In the second place, Marxism demands an absolutely historical examination of the question of the forms of struggle. To treat this question apart from the concrete historical situation betrays a failure to understand the rudiments of dialectical materialism. At different stages of economic evolution, depending on differences in political, national-cultural, living and other conditions, different forms of struggle come to the fore and become the principal forms of struggle; and in connection with this, the secondary, auxiliary forms of struggle undergo change in their ·turn. To attempt to answer yes or no to the question whether any particular means of struggle should be used, without making a detailed examination of the concrete situation of the given movement at the given stage of its development, means completely to abandon the Marxist position.
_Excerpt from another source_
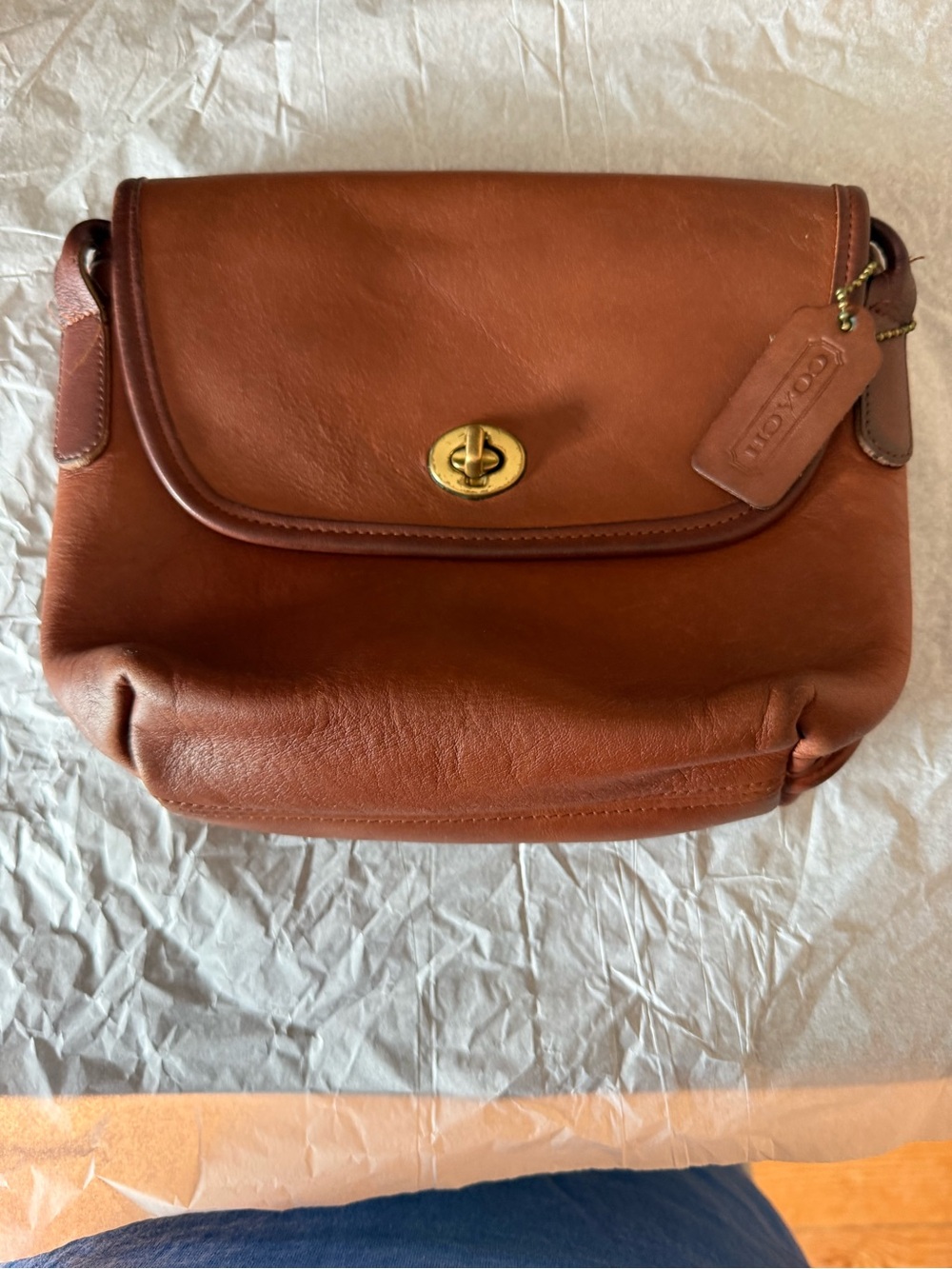 Coach Quincy Leather Turnlock Shoulder Bag #9919 - Picture 4 of 6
These are the two principal theoretical propositions by which we must be guided. The history of Marxism in Western Europe provides an infinite number of examples corroborating what has been said. European Social-Democracy at the present time regards parliamentarism and the trade union movement as the principal forms of struggle; it recognised insurrection in the past, and is quite prepared to recognise it, should conditions change, in the future—despite the opinion of bourgeois liberals like the Russian Cadets and the Bezzaglavtsi.[1] Social-Democracy in the seventies rejected the general strike as a social panacea, as a means of overthrowing the bourgeoisie at one stroke by non-political means—but Social-Democracy fully recognises the mass political strike (especially after the experience of Russia in 1905) as one of the methods of struggle essential under certain conditions. Social-Democracy recognised street barricade fighting in the forties, rejected it for definite reasons at the end of the nineteenth century, and expressed complete readiness to revise the latter view and to admit the expediency of barricade fighting after the experience of Moscow, which, in the words of K. Kautsky, initiated new tactics of barricade fighting.
Notes
[1] Bezzaglavtsi—a semi-Cadet, semi-Menshevik group of the Russian bourgeois intelligentsia (S. N. Prokopovich, Y. D. Kuskova, V. Y. Bogucharsky, V. V. Portugalov, V. V. Khizhnyakov, and others), formed in the period of the incipient decline of the 1905-07 revolution. The group derived its name from the political weekly magazine Bez Zaglavia (Without a Title) published in St. Petersburg in January-May 1906 under the editorship of Prokopovich; later the Bezzaglavtsi were grouped around the Left-Cadet news paper Tovarishch (Comrade). Under cover of their formal non-partisanship, the Bezzaglavtsi propagated the ideas of bourgeois liberalism and opportunism and supported the revisionists of Russian and international Social-Democracy.